Они стояли друг напротив друга. Она в страхе, а он бормоча, как безумный.
— Потанцуем! — вдруг воскликнул он.
Он заметил патефон. На девице было грубое черное платье из скверной ткани, душившее ее нескладное тело. Но ему она казалась красавицей. Он поставил иголку на дорожку, комната наполнилась музыкой. Она не двигалась. Он подошел к ней, бережно обнял, и они стали танцевать — медленно, держась за руки, закрыв глаза. Они танцевали. Танцевали. Он крепко обнял ее. И чем крепче прижимал к себе, тем сильнее молил Бога простить ему грехи.

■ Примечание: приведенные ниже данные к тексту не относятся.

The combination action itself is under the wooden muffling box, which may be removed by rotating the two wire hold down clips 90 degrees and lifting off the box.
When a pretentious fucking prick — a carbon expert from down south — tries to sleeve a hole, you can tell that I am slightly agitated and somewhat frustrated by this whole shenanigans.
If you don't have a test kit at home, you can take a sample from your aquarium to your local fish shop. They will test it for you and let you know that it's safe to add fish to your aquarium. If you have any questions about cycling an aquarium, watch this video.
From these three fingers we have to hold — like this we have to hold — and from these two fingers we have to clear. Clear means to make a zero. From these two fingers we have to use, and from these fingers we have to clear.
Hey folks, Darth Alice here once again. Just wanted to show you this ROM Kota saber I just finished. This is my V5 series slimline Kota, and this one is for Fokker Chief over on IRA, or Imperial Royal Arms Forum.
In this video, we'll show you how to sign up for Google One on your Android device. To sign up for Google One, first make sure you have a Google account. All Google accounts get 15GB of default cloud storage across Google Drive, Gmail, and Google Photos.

В те минуты, когда Фарон танцевал в последний раз, Пэл в Блумсбери, стоя с обнаженным торсом перед зеркалом в ванной, вонзал кончик перочинного ножа в свой шрам, обновляя его. Поморщился от боли. И прекратил, только когда заблестела капля крови. Пурпурной, почти черной крови. Он дал струйке стечь, омочил в ней пальцы и благословил свою кровь, ибо это была кровь отца. Отец, которого он два долгих года считал таким далеким, всегда был рядом — он все это время тек в его жилах. И, заново поставив на себе клеймо негодного сына, он проклял войну. УСО, его задание — все это неважно. Отныне единственной, неотвязной его мыслью будет увезти отца подальше от Парижа и укрыть в надежном месте.

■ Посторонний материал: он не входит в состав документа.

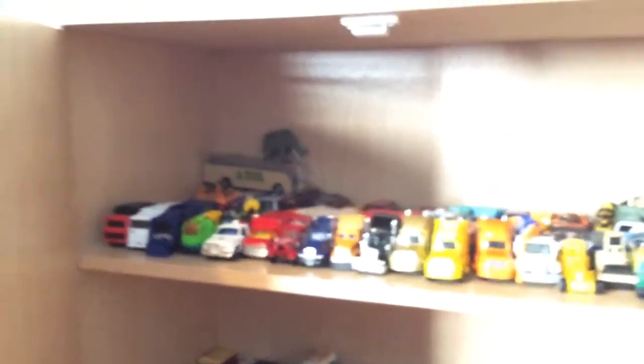Down here, nothing new. The only thing that's changed up here is there used to be a bunch of trailers and stuff but I took them out. They're in my closet now. The only thing that's up there is that bus and an elephant. So yeah, this is the only thing that's up there, and the others are in the closet, which I'll show you.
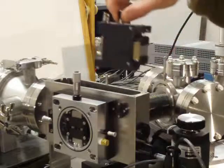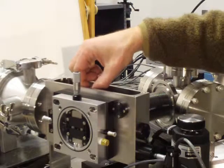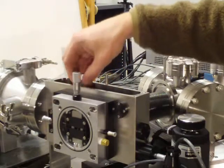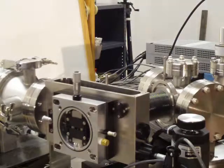Hold the friendly knurled knob up on top of the central mount. Drop the grating inside. There's a three-point kinematic mount there. You hear the solid mechanical engagement. Tighten that knurled screw on top. That's finished.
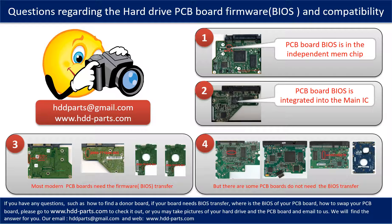We receive many questions regarding the hard drive PCB board firmware — also called hard drive PCB board BIOS — and the hard drive PCB board compatibility. Some PCB board BIOS are in the independent memory chip, like the first picture shows. Some PCB board BIOS are integrated into the main IC, like the second picture shows. Most modern hard drive PCB boards need to do the BIOS transfer before swapping the PCB board.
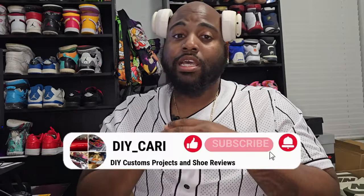Let me know what y'all think about these in the comments. I actually like them — that's another black and white pair I could add to the collection, because as y'all can see behind me, I really don't have any black shoes, especially black and white. Everything is in color. Shout out to Pic Pop for sending these over for me to review, really appreciate it. Hit me up in the comments if y'all have any questions. They did a great job, I really like them. Hit them up on Instagram or head straight to the website — all the information will be in the description below. It's your boy DIY Card. Thanks for watching, peace.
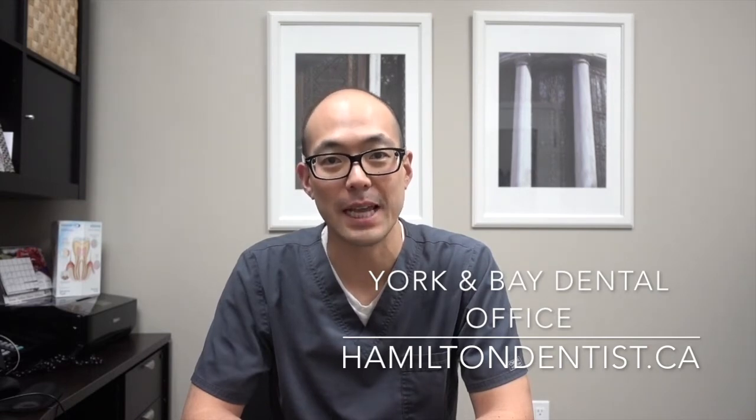Hey everybody, welcome back to Tooth Savvy. I'm Dr. Brian Yim from York and Bay Dental Office in Hamilton, where each week we share practical tips on how to become a dentally savvy patient.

Две недели впустую. Кунцер, пожевывая погасший окурок, чертыхался. Он стоял на улице и незаметно наблюдал за входом в здание на улице Бак. Две недели он следил за этим человеком, и все напрасно. Две недели неустанной слежки, и всякий раз одно и то же кино: в полдень мужчина уходил с работы, ехал на метро домой, проверял почтовый ящик и сразу уезжал обратно. Какого черта он ждал? Писем от той девицы? Он не мог знать, что она арестована. Почтовый ящик был пуст, а мужчина вел жизнь скучнее некуда — ничего не происходило, вообще ничего. Никогда и ничего. Кунцер яростно пнул ногой воздух. Никакого следа, он только терял время на ожидание, на слежку. Он даже по ночам наблюдал за почтовым ящиком. Если этот человек — важный агент УСО, как утверждает девица, хоть что-то подозрительное он должен был обнаружить? Но ничего не обнаруживалось. Может, и его задержать, подвергнуть пытке? Нет, бесполезно. Да и пытать он не любил. Боже, до чего он это не любил! Хватит с него девицы, к тому же не так уж много она выболтала. Храбрая. Ох, он до сих пор из-за этого плохо спит! Она заговорила только под градом ударов. Ему казалось, что он избивает Катю, — девушка была так на нее похожа! Рассказала только о письмах; ее роль явно сводилась к доставке сообщений от какого-то британского агента, причем только в этот почтовый ящик. Больше ничего полезного он не выяснил. Не узнал ничего нового о возможном присутствии агентов в Париже. Она назвала несколько имен, но выдуманных, это понятно. Скрыла ли что-то важное? Вряд ли. Она лишь девочка на побегушках, пешка. Агенты спецслужб следят, чтобы исполнители знали о них как можно меньше. Что за чертовщину затевает УСО в Париже? Какую-то масштабную диверсию? Девушка наверняка знала кого-то из бойцов Сопротивления, но сейчас ему было не до них: он хотел заполучить англичан — тех, кто бомбил Гамбург. Пускай Сопротивлением занимается Пес или макаки из гестапо. Девица больше ничего не скажет, это ясно. Храбрая. Или круглая дура. Он все-таки пока придерживал ее на холодке, в “Лютеции”, немножко щадил: когда он с ней закончит, то отдаст ее гестапо, на улицу де Соссе. Там ей будет очень больно.